The data section start

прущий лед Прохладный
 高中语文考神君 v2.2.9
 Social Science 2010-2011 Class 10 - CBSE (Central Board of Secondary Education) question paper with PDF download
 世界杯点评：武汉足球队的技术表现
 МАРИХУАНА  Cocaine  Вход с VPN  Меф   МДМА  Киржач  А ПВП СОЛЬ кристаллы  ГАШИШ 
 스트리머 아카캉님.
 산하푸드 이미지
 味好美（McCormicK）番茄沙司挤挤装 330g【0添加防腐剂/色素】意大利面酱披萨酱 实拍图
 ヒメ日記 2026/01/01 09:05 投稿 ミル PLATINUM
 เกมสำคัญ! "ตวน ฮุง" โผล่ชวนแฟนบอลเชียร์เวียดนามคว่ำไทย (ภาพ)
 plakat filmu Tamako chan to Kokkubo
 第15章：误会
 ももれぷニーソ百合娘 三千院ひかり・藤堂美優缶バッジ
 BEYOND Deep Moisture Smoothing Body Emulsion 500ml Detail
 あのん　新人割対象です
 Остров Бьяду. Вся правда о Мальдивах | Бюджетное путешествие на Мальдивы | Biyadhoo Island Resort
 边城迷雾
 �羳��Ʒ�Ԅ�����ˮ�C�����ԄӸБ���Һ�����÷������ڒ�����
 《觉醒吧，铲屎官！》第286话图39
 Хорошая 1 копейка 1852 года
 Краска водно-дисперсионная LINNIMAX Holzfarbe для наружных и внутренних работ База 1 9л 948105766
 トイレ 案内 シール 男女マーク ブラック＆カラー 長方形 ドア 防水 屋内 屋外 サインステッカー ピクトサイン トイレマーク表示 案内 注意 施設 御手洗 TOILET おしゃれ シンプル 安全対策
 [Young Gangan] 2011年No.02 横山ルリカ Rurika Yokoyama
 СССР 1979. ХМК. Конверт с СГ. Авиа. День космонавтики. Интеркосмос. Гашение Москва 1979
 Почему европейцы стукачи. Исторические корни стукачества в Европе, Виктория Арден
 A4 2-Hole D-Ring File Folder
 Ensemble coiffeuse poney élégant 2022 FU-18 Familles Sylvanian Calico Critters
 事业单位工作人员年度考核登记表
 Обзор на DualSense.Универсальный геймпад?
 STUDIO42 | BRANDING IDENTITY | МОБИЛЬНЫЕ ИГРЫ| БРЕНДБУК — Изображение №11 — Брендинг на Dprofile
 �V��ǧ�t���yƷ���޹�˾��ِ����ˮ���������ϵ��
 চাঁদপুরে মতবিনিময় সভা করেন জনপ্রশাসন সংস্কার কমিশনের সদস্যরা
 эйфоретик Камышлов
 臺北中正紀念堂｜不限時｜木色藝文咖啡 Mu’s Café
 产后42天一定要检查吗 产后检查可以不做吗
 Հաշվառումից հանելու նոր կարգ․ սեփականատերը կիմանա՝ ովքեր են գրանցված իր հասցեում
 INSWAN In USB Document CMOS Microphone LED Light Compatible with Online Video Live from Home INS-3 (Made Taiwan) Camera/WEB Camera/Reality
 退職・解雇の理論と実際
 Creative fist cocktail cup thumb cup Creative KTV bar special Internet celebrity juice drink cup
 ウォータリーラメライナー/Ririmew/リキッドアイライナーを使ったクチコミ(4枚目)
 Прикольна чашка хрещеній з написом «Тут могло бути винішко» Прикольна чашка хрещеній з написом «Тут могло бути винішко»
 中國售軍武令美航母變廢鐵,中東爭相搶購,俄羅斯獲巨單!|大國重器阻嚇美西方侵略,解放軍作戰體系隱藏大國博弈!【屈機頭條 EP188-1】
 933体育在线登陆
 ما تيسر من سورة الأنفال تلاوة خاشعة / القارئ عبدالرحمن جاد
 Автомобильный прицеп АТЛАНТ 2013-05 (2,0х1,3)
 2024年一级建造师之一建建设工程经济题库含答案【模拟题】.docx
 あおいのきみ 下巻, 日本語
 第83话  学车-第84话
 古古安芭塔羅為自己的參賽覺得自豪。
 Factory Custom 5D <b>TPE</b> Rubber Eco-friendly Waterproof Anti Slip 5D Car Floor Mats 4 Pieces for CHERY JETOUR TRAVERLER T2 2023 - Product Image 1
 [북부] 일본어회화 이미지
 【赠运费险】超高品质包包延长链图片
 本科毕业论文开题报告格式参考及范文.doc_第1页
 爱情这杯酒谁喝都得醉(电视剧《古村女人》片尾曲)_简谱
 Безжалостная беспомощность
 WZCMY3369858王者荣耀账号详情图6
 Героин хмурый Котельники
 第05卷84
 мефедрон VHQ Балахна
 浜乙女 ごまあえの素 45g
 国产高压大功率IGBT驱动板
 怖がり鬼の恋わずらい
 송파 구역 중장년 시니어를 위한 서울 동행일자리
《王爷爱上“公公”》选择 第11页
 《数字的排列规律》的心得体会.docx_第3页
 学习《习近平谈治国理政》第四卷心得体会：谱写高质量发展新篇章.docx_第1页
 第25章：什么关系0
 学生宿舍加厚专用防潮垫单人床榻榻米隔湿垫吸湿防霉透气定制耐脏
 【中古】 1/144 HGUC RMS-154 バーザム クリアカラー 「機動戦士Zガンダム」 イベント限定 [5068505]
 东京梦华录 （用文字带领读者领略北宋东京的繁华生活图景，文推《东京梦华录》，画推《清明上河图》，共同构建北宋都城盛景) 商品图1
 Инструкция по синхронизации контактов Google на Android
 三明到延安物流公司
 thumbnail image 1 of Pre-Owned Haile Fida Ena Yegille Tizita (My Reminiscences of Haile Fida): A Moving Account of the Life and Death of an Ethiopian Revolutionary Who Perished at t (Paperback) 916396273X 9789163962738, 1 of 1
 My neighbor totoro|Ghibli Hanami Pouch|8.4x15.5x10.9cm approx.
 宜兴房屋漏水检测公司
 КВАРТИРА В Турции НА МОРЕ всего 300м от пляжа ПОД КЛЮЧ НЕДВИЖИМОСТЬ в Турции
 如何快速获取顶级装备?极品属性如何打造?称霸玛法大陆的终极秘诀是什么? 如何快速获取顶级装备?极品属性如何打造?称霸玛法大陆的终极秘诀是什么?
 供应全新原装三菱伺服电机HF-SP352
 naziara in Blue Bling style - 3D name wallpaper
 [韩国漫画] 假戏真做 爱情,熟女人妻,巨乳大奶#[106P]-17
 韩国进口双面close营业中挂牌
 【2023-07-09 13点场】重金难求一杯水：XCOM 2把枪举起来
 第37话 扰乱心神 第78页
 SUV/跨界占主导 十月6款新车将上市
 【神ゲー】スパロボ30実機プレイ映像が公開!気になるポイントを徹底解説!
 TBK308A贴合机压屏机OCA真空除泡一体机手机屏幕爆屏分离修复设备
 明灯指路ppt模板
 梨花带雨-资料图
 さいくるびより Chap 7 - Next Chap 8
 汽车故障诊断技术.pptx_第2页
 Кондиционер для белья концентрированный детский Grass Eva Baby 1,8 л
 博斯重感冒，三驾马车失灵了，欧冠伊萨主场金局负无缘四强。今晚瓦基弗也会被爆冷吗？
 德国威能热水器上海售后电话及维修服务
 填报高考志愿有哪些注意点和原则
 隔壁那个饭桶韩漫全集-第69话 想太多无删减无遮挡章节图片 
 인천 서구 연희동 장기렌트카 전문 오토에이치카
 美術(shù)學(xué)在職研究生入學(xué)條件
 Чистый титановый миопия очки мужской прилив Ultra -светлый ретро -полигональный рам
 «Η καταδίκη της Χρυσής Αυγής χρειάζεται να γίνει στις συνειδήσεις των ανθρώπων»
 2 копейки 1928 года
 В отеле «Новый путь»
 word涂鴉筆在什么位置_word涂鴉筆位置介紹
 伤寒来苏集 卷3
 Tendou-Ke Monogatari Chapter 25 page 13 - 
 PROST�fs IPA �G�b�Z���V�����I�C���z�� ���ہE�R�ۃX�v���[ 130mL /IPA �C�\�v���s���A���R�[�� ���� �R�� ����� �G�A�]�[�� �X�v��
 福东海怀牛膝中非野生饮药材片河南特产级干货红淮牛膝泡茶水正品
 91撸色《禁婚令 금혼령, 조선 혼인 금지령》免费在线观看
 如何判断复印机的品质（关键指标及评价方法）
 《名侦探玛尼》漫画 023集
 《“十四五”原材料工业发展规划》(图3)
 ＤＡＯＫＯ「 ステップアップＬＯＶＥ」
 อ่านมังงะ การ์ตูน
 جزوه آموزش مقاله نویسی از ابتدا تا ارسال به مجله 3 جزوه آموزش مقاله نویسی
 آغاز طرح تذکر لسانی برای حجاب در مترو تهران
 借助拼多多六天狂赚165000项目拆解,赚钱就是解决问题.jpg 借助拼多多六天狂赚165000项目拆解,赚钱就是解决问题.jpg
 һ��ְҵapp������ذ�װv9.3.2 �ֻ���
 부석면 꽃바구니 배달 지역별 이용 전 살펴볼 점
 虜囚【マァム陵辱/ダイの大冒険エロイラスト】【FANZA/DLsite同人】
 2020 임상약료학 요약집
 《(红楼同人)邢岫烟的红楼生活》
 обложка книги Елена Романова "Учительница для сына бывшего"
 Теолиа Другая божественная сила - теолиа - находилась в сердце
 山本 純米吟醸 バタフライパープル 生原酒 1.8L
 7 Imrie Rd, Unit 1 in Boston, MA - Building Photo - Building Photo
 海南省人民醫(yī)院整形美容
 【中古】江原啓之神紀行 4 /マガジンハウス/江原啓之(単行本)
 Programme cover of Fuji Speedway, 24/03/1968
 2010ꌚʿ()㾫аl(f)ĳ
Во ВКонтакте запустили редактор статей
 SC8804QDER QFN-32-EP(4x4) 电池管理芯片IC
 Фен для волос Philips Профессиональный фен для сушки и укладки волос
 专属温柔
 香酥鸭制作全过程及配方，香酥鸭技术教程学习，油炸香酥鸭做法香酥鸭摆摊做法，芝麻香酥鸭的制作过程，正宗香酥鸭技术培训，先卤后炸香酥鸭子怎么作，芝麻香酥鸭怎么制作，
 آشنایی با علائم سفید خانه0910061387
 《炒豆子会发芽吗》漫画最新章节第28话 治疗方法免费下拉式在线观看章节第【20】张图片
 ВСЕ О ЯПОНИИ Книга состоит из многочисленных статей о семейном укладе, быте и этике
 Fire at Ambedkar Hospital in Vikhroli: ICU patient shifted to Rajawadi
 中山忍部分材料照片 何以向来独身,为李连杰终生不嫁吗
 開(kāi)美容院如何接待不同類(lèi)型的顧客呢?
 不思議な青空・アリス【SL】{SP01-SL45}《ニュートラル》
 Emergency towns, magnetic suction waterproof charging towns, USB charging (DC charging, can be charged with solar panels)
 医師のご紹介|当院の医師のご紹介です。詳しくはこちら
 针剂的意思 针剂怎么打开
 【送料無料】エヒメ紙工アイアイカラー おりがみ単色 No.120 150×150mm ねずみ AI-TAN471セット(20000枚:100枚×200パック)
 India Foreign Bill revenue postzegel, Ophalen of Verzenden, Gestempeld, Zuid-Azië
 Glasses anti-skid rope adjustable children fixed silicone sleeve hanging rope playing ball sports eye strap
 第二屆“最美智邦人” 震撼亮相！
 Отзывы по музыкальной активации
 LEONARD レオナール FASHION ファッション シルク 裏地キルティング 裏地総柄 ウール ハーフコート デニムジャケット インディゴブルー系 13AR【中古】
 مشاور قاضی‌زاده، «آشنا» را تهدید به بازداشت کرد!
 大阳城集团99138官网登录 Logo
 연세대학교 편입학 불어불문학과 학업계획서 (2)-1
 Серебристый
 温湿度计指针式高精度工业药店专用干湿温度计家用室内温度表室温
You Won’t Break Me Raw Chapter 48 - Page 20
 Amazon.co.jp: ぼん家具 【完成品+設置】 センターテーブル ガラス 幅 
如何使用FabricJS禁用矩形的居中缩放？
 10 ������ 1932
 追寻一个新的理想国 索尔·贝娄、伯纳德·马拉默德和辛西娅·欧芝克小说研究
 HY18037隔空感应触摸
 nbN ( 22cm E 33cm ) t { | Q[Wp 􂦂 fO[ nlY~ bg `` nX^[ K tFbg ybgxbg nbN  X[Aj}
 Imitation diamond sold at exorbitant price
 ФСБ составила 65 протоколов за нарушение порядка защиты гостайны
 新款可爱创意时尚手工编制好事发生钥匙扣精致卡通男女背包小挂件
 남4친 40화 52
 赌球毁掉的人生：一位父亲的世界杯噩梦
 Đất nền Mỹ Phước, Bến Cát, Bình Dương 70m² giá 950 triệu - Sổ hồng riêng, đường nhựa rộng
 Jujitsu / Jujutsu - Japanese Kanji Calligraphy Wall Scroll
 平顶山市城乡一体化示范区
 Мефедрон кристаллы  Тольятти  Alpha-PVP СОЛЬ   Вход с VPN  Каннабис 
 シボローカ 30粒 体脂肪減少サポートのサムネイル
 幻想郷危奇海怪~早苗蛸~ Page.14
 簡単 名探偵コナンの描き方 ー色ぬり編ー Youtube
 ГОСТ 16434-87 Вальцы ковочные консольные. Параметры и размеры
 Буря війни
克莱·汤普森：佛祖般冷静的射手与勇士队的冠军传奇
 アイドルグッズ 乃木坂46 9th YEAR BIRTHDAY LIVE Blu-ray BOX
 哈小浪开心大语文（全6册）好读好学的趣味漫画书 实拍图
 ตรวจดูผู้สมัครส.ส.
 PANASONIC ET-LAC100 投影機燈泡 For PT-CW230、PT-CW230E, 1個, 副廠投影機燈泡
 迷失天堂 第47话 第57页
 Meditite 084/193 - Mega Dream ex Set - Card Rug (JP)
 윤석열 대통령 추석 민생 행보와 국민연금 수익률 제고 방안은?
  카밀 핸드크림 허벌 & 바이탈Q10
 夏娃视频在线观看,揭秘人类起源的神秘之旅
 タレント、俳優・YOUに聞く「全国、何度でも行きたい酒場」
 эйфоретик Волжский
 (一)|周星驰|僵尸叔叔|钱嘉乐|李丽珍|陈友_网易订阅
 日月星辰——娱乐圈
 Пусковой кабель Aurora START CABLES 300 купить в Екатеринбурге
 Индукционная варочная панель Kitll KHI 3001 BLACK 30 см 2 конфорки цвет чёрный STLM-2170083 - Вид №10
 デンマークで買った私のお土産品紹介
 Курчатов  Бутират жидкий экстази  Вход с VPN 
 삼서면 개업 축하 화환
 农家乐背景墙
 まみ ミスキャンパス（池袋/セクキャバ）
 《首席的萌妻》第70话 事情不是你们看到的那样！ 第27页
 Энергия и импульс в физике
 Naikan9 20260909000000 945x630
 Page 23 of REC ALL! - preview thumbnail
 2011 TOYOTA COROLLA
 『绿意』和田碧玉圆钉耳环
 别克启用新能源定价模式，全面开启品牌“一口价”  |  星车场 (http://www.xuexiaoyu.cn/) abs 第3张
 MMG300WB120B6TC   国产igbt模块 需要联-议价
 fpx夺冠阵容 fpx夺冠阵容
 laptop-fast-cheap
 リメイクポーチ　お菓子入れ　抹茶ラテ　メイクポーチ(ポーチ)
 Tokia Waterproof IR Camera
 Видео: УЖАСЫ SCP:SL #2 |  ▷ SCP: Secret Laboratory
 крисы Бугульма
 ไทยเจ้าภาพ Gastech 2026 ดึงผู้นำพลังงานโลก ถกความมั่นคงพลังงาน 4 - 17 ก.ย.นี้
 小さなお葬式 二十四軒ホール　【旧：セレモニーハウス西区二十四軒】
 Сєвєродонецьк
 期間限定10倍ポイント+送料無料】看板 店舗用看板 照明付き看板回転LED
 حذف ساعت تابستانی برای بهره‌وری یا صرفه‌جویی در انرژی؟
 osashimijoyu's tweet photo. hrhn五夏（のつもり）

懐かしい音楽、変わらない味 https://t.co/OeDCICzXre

The data section end

### Required work
Using the data above, repeat exactly the lines that begin at the line with "Во ВКонтакте запустили редактор статей" and end at the line with "ВСЕ О ЯПОНИИ", both ends included.

### Answer below
Во ВКонтакте запустили редактор статей
 SC8804QDER QFN-32-EP(4x4) 电池管理芯片IC
 Фен для волос Philips Профессиональный фен для сушки и укладки волос
 专属温柔
 香酥鸭制作全过程及配方，香酥鸭技术教程学习，油炸香酥鸭做法香酥鸭摆摊做法，芝麻香酥鸭的制作过程，正宗香酥鸭技术培训，先卤后炸香酥鸭子怎么作，芝麻香酥鸭怎么制作，
 آشنایی با علائم سفید خانه0910061387
 《炒豆子会发芽吗》漫画最新章节第28话 治疗方法免费下拉式在线观看章节第【20】张图片
 ВСЕ О ЯПОНИИ Книга состоит из многочисленных статей о семейном укладе, быте и этике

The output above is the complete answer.